Note: it is possible to extend this method to compare any item by providing a compare function as parameter.

How to terminate variable length array when all values are valid?

I'm passing an array of single-precision floating point values to a function in C. The function has no knowledge of the size of the array and I'd like to keep it that way, primarily because while the underlying array is of course fixed-length I won't always be filling it completely so I'd need to be able to find the end anyway. With a string you use a null-terminator, but with this implementation all possible values are potentially valid. Is the best I can do like a "code word" to mark the end using multiple values in order, something like ASCII 'STOP'? That leaves open the possibility of coincidentally having that code word in the array of valid data...

You'll see array/size pairs being passed around in C a lot, it's really the only way to do this reliably. Even C strings, which are NUL terminated, are often sent with a length parameter to be sure you don't inadvertently walk off the end of the array and into other memory.
This approach also permits you to use substrings, or subsets of the array, instead of being committed to use the whole thing, the problem you're basically trying to solve. Having a terminator is both a blessing and a curse, as anyone who's ever tried to battle a pernicious buffer-overflow bug can attest to.
In your case, the function signature should look like:
void process(float* v, size_t n)
Where v is the array of floating-point values to process and n is how many of them to use. n should be less than or equal to however many valid entries are in the v array.
If you're passing this kind of thing around a lot you may even encapsulate it in a simple struct that defines the data and size.
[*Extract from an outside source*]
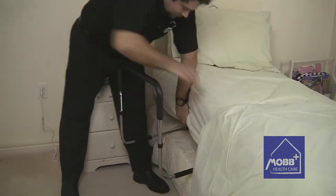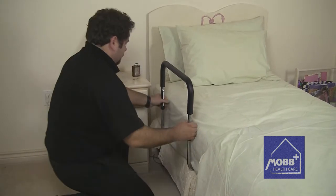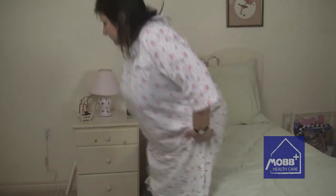No tools are required to assemble the railing, which slides under the mattress and is held in place by non-slip foam on the base bar, as well as safety straps that can be used to securely mount the railing to the bed. The safety straps are long enough to be used on any standard size of bed.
You can then wrap around that some simple allocator/populator tools.
For example:
struct float_array {
float* values;
size_t size;
};
Where you can then define something like:
struct float_array* make_float_array(size_t n);
void free_float_array(struct float_array* f);

You don't need to pass the array maximum length, just the length currently being used for this call along with the pointer.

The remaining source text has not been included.